# Crystal (silver persian)



## stormy (Dec 7, 2003)

I finally figured out how to post pics!!! (it only took about 2 months!  )

Here's Crystal, she's a silver persian:


----------



## Lori (Jun 8, 2003)

She looks so silky!


----------



## Joys (Jan 12, 2004)

Ooo! How gorgeous!


----------



## ForJazz (Dec 30, 2003)

*waits for Mike* You better hide Crystal before he gets here...


----------



## Ioana (Jul 12, 2003)

Crystal is so cute and fluffy - I love her jewlery like eyes


----------



## Mike (Jan 27, 2004)

I have absolutely no idea of why Julie would say a thing like that... =_ Just because I am trying to bribe her with chocolate chip cookies, so that I can spirit the beautiful Mia away from her?? Huh, huh, huh? That's no excuse! =_ 

Ohmigosh, Crystal is gorgeous! Surely you have more photos of her???
<Checking Yahoo maps for the shortest/fastest route to Jersey from Indiana, whilst pounding my fist on the desk for more pictures> ****

Peace,
Mike


----------



## stormy (Dec 7, 2003)

Mike said:


> I have absolutely no idea of why Julie would say a thing like that... =_ Just because I am trying to bribe her with chocolate chip cookies, so that I can spirit the beautiful Mia away from her?? Huh, huh, huh? That's no excuse! =_
> 
> Ohmigosh, Crystal is gorgeous! Surely you have more photos of her???
> <Checking Yahoo maps for the shortest/fastest route to Jersey from Indiana, whilst pounding my fist on the desk for more pictures> ****
> ...


 :lol: LOL, you might have a tough time trying to find her, she,s just terrifed of strangers(poor girl!) she runs like lightening if anyone approaches the door!
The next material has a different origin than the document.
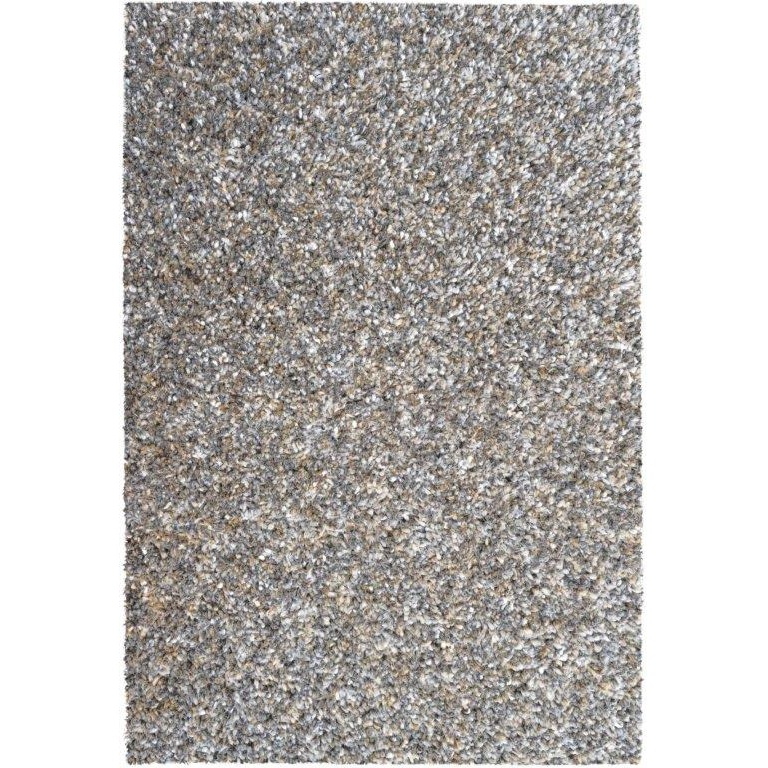 Mastercraft Coral Shaggy Rug 24001/3292 - Grey - 80x150cm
Here's a couple more pics:


----------



## Mike (Jan 27, 2004)

My Angel is not real eager to meet new people, either.

Crystal is cute, so whenever you have pictures, be sure to post them.

Peace,
Mike


----------



## kitkat (Sep 22, 2003)

She is very pretty, and I'm sure Mike will be there sometime soon, he is probably driving there as I type......... :lol:


----------



## queen of the nile (Aug 16, 2003)

I can't believe how white and pristine she looks! One of my kitties has white paws and they are always dirty :roll: . Crystal looks very sweet.


----------



## Mike (Jan 27, 2004)

kitkat said:


> She is very pretty, and I'm sure Mike will there sometime soon, he is probably driving there as I type......... :lol:


Just as soon as I can figure out a way to lure Twinkie out here, we will be off to get Crystal...

**** 

Peace,
Mike


----------



## Jeanie (Jun 18, 2003)

You just can't trust some people when it comes to catnapping! :wink:


----------



## stormy (Dec 7, 2003)

queen of the nile said:


> I can't believe how white and pristine she looks! One of my kitties has white paws and they are always dirty :roll: . Crystal looks very sweet.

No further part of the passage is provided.